Each slave node in Yet Another Resource Negotiator (YARN) has a Node Manager daemon, which acts as a slave for the Resource Manager. As with the TaskTracker, each slave node has a service that ties it to the processing service (Node Manager) and the storage service (DataNode) that enable Hadoop to be a distributed system.

Each Node Manager tracks the available data processing resources on its slave node and sends regular reports to the Resource Manager.

The processing resources in a Hadoop cluster are consumed in bite-size pieces called containers. A container is a collection of all the resources necessary to run an application: CPU cores, memory, network bandwidth, and disk space. A deployed container runs as an individual process on a slave node in a Hadoop cluster.

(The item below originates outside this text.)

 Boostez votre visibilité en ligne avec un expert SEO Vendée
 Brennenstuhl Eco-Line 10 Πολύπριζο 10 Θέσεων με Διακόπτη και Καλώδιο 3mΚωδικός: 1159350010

The concept of a container may remind you of a slot, the unit of processing used by the JobTracker and TaskTracker, but they have some notable differences. Most significantly, containers are generic and can run whatever application logic they’re given, unlike slots, which are specifically defined to run either map or reduce tasks. Also, containers can be requested with custom amounts of resources, while slots are all uniform.

As long as the requested amount is within the minimum and maximum bounds of what’s acceptable for a container (and as long as the requested amount of memory is a multiple of the minimum amount), the Resource Manager will grant and schedule that container.

All container processes running on a slave node are initially provisioned, monitored, and tracked by that slave node’s Node Manager daemon.